1. A receiving device comprising an image rejection mixer, the image rejection mixer having:

an input terminal to which a signal of a first radio frequency band or a signal of a second frequency band which is narrower than the first radio frequency band is input;

first and second mixers connected in parallel to the input terminal;

a local signal oscillation unit for transmitting local signals with mutually different phases to the first and second mixers; and

a filter circuit synthesizing a signal from the first mixer and a signal from the second mixer by rotating the phase of the signal from at least one of the first mixer and the second mixer,

wherein when the signal of the first radio frequency band is input to the input terminal, the first and second mixers convert the input signal of the first radio frequency band into a signal of a first intermediate frequency band by the use of a first local signal from the local signal oscillation unit and the filter circuit attenuates an image disturbing signal existing in the first intermediate frequency band,

wherein when the signal of the second radio frequency band is input to the input terminal, the first and second mixers convert the input signal of the second radio frequency band into a signal of a second intermediate frequency band by the use of a second local signal from the local signal oscillation unit, and then the filter circuit attenuates an image disturbing signal existing in the second intermediate frequency band,

wherein the first intermediate frequency band and the second intermediate frequency band are at least partly overlapped with each other, and

wherein a center frequency of the second intermediate frequency band is lower than that of the first intermediate frequency band.

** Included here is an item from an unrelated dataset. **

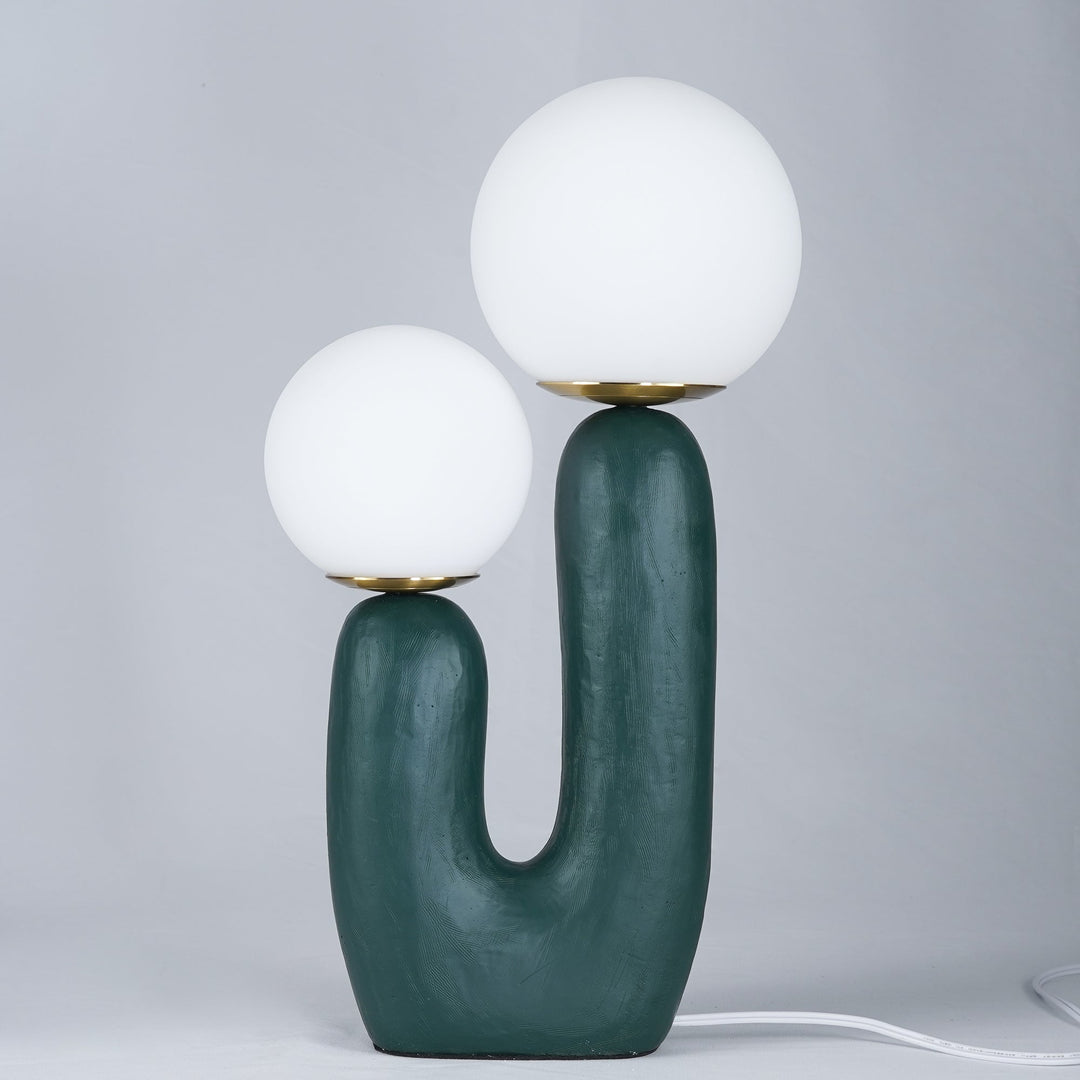 Moderne Bordlampe i Resin og Glas med Naturlige Detaljer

2. The receiving device according to claim 1, wherein the phase of the local signal transmitted to the first mixer is perpendicular to that of the local signal transmitted to the second mixer.

3. The receiving device according to claim 1, wherein the first intermediate frequency band includes the second intermediate frequency band.

4. (canceled)

5. (canceled)

6. The receiving device according to claim 1, wherein a lower limit of the second intermediate frequency band is equal to that of the first intermediate frequency band.

7. The receiving device according to claim 1, wherein a part of the first radio frequency band is within the second radio frequency band.

8. An electronic apparatus comprising:

an image rejection mixer having

an input terminal to which a signal of a first radio frequency band or a signal of a second frequency band which is narrower than the first radio frequency band is input,

first and second mixers connected directly or indirectly in parallel to the input terminal,

a local signal oscillation unit for transmitting local signals with mutually different phases to the first and second mixers, and

a filter circuit for synthesizing a signal from the first mixer and a signal from the second mixer by rotating the phase of the signal from at least one of the first mixer and the second mixer;

a demodulation unit connected to an output side of the image rejection mixer;

a signal processing unit connected to an output side of the demodulation unit; and

a display unit connected to an output side of the signal processing unit,

wherein when the signal of the first radio frequency band is input to the input terminal, the first and second mixers convert the input signal of the first radio frequency band into a signal of a first intermediate frequency band by the use of a first local signal from the local signal oscillation unit and the filter circuit attenuates an image disturbing signal existing in the first intermediate frequency band,

wherein when the signal of the second radio frequency band is input to the input terminal, the first and second mixers convert the input signal of the second radio frequency band into a signal of a second intermediate frequency band by the use of a second local signal from the local oscillation unit, and then the filter circuit attenuates an image disturbing signal existing in the second intermediate frequency band,

wherein the first intermediate frequency band and the second intermediate frequency band are at least partly overlapped with each other, and

wherein a center frequency of the second intermediate frequency band is lower than that of the first intermediate frequency band.